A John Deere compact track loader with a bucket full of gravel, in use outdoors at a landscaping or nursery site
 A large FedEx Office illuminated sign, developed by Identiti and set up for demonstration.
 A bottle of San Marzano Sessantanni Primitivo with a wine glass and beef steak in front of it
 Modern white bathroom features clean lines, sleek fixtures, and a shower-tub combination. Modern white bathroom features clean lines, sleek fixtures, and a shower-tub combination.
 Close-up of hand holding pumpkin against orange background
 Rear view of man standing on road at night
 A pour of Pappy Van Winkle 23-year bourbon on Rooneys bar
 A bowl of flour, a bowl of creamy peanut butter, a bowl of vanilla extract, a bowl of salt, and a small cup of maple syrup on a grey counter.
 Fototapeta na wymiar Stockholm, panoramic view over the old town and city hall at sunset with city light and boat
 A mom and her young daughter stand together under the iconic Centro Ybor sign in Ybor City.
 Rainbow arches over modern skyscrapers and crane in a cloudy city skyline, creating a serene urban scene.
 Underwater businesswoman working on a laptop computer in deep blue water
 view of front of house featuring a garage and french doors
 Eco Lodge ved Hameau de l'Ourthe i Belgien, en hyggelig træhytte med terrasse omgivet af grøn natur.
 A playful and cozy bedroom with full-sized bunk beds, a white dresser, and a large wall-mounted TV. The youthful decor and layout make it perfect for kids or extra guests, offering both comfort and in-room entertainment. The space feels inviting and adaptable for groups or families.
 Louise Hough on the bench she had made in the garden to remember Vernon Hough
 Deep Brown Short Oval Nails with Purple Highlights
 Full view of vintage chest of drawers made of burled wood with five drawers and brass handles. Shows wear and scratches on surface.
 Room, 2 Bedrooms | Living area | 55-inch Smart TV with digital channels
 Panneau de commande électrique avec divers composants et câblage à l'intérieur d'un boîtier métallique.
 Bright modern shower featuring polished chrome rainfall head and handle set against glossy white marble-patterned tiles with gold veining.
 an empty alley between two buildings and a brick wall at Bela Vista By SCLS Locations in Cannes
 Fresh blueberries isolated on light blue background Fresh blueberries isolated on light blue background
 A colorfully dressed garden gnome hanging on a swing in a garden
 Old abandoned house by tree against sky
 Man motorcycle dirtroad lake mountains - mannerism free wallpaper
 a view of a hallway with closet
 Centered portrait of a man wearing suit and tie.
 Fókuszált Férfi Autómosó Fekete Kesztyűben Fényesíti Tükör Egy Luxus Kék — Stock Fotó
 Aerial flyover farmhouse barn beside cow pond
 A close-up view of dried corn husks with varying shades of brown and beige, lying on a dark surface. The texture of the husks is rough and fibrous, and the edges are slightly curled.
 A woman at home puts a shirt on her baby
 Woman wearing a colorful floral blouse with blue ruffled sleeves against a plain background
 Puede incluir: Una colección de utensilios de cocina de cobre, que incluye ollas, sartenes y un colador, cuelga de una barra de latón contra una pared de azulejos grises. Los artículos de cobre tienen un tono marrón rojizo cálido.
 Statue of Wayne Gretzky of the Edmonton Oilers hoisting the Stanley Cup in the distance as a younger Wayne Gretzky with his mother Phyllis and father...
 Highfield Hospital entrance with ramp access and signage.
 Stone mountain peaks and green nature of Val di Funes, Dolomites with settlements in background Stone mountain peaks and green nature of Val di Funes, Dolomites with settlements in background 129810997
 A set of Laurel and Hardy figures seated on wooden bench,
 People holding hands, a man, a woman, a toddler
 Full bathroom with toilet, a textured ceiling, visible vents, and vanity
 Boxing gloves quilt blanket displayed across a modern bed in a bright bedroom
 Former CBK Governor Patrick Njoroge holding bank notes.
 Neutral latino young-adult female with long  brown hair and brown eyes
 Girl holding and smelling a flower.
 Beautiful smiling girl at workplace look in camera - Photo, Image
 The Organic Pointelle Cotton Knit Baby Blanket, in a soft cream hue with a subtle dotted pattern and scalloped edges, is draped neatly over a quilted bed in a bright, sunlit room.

### YOUR INSTRUCTIONS
Reproduce all of the records precisely. No word may differ.

### WRITTEN RESPONSE
A John Deere compact track loader with a bucket full of gravel, in use outdoors at a landscaping or nursery site
 A large FedEx Office illuminated sign, developed by Identiti and set up for demonstration.
 A bottle of San Marzano Sessantanni Primitivo with a wine glass and beef steak in front of it
 Modern white bathroom features clean lines, sleek fixtures, and a shower-tub combination. Modern white bathroom features clean lines, sleek fixtures, and a shower-tub combination.
 Close-up of hand holding pumpkin against orange background
 Rear view of man standing on road at night
 A pour of Pappy Van Winkle 23-year bourbon on Rooneys bar
 A bowl of flour, a bowl of creamy peanut butter, a bowl of vanilla extract, a bowl of salt, and a small cup of maple syrup on a grey counter.
 Fototapeta na wymiar Stockholm, panoramic view over the old town and city hall at sunset with city light and boat
 A mom and her young daughter stand together under the iconic Centro Ybor sign in Ybor City.
 Rainbow arches over modern skyscrapers and crane in a cloudy city skyline, creating a serene urban scene.
 Underwater businesswoman working on a laptop computer in deep blue water
 view of front of house featuring a garage and french doors
 Eco Lodge ved Hameau de l'Ourthe i Belgien, en hyggelig træhytte med terrasse omgivet af grøn natur.
 A playful and cozy bedroom with full-sized bunk beds, a white dresser, and a large wall-mounted TV. The youthful decor and layout make it perfect for kids or extra guests, offering both comfort and in-room entertainment. The space feels inviting and adaptable for groups or families.
 Louise Hough on the bench she had made in the garden to remember Vernon Hough
 Deep Brown Short Oval Nails with Purple Highlights
 Full view of vintage chest of drawers made of burled wood with five drawers and brass handles. Shows wear and scratches on surface.
 Room, 2 Bedrooms | Living area | 55-inch Smart TV with digital channels
 Panneau de commande électrique avec divers composants et câblage à l'intérieur d'un boîtier métallique.
 Bright modern shower featuring polished chrome rainfall head and handle set against glossy white marble-patterned tiles with gold veining.
 an empty alley between two buildings and a brick wall at Bela Vista By SCLS Locations in Cannes
 Fresh blueberries isolated on light blue background Fresh blueberries isolated on light blue background
 A colorfully dressed garden gnome hanging on a swing in a garden
 Old abandoned house by tree against sky
 Man motorcycle dirtroad lake mountains - mannerism free wallpaper
 a view of a hallway with closet
 Centered portrait of a man wearing suit and tie.
 Fókuszált Férfi Autómosó Fekete Kesztyűben Fényesíti Tükör Egy Luxus Kék — Stock Fotó
 Aerial flyover farmhouse barn beside cow pond
 A close-up view of dried corn husks with varying shades of brown and beige, lying on a dark surface. The texture of the husks is rough and fibrous, and the edges are slightly curled.
 A woman at home puts a shirt on her baby
 Woman wearing a colorful floral blouse with blue ruffled sleeves against a plain background
 Puede incluir: Una colección de utensilios de cocina de cobre, que incluye ollas, sartenes y un colador, cuelga de una barra de latón contra una pared de azulejos grises. Los artículos de cobre tienen un tono marrón rojizo cálido.
 Statue of Wayne Gretzky of the Edmonton Oilers hoisting the Stanley Cup in the distance as a younger Wayne Gretzky with his mother Phyllis and father...
 Highfield Hospital entrance with ramp access and signage.
 Stone mountain peaks and green nature of Val di Funes, Dolomites with settlements in background Stone mountain peaks and green nature of Val di Funes, Dolomites with settlements in background 129810997
 A set of Laurel and Hardy figures seated on wooden bench,
 People holding hands, a man, a woman, a toddler
 Full bathroom with toilet, a textured ceiling, visible vents, and vanity
 Boxing gloves quilt blanket displayed across a modern bed in a bright bedroom
 Former CBK Governor Patrick Njoroge holding bank notes.
 Neutral latino young-adult female with long  brown hair and brown eyes
 Girl holding and smelling a flower.
 Beautiful smiling girl at workplace look in camera - Photo, Image
 The Organic Pointelle Cotton Knit Baby Blanket, in a soft cream hue with a subtle dotted pattern and scalloped edges, is draped neatly over a quilted bed in a bright, sunlit room.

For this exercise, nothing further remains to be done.